使用互補式金屬傳輸線設計CMOS 10 GHz Doherty 微波功率 放大器之研究

Abstract

這篇論文是關於10 GHz 的Doherty 微波功率放大器之設計利用0.13 微米互補性金屬氧化物半導體製程，即所謂的CMOS 製程，為了改善功率放大器的線性度以及提升放大器的附加功率效率。整個架構包括主要放大器，即所謂之carrier amplifier、輔助放大器，即所謂之peaking amplifier、1:2 功率分配器、輸入與輸出匹配電路等。 除此之外，互補式金屬傳輸線技術被引進在本論文之微波功率放大器設計當中，此技術在本論文所提出之微波功率放大器的設計當中扮演了很重要的角色。特別的是，濃縮式的互補式金屬傳輸線，此為與互補式金屬傳輸線相關的設計，也會在本論文中被討論因為這類型的傳輸線可以擁有很高的特徵阻抗，以及較高的品質因素，比起傳統的互補式金屬傳輸線來說。除此之外，此種新設計更可以節省晶片面積，讓晶片面積可以更有效率的運用。 總而言之，10 GHz 之Doherty 微波功率放大器之設計議題與流程，都將會在此篇論文做介紹與討論。

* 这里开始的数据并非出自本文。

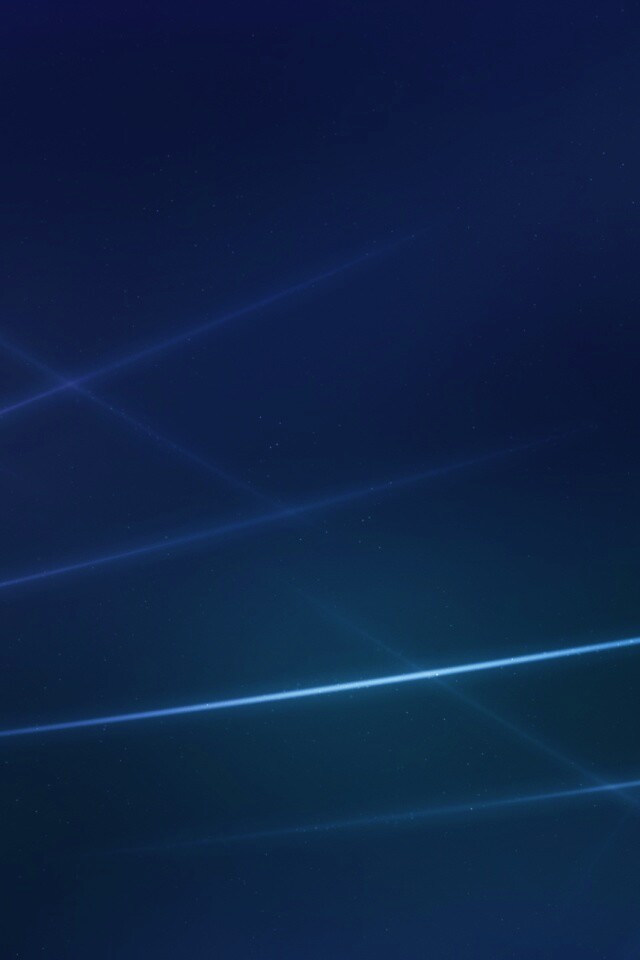 Лучи света на тёмно-синем фоне обои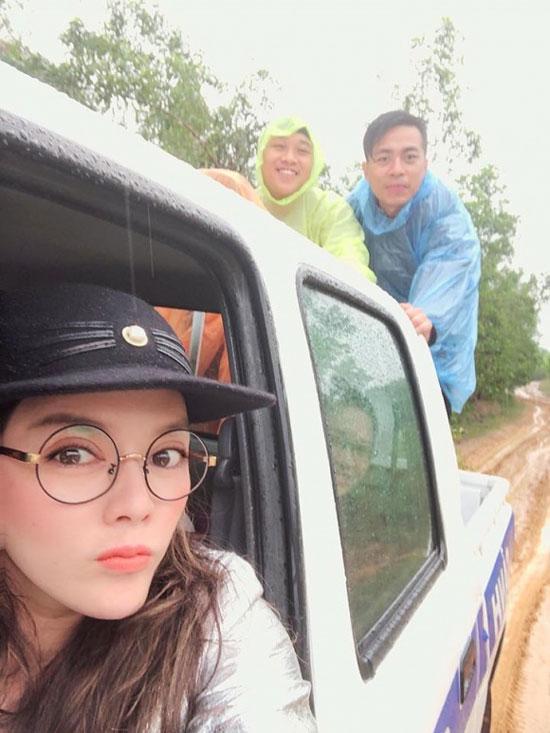 Sao Việt 24h: Khoảnh khắc đời thường của Tăng Thanh Hà khi đọc sách bên cún cưng - 15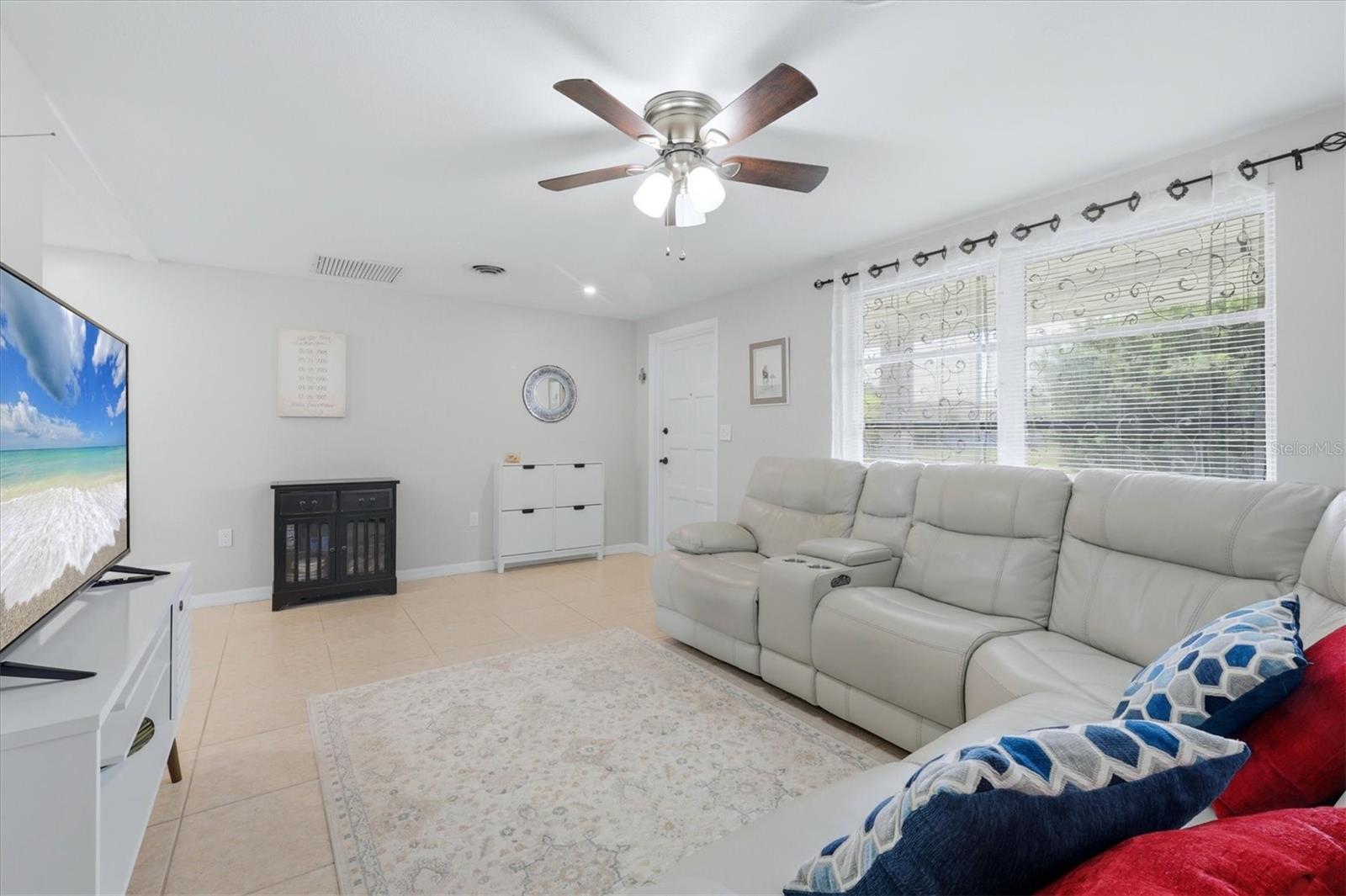 WARM MINERAL SPGS - Residential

This thesis deals with the design of 10 GHz Doherty power amplifier implemented on 0.13μm RFCMOS for the linearity improvement and efficiency enhancement. The fully integrated design implements main amplifier, which is so-called carrier amplifier, auxiliary amplifier, which is so-called peaking amplifier, 1:2 power divider, input and output matching networks, and so forth. On top of that, the Complementary-Conducting-Strip Transmission Line is introduced in this thesis, for it plays an important part in the design of power amplifier. Especially, the latest design, Condensed Complementary-Conducting-Strip Transmission Line, which is one of the interested designs of CCS TL, is also introduced in the thesis owing to the fact that it exhibits higher characteristic impedance and higher quality factor than the conventional CCS TL designs. Furthermore, it accomplishes a great deal of size-reduction of IC-chips. To sum up, the design issues and procedures of 10 GHz Doherty power amplifier are discussed throughout this thesis.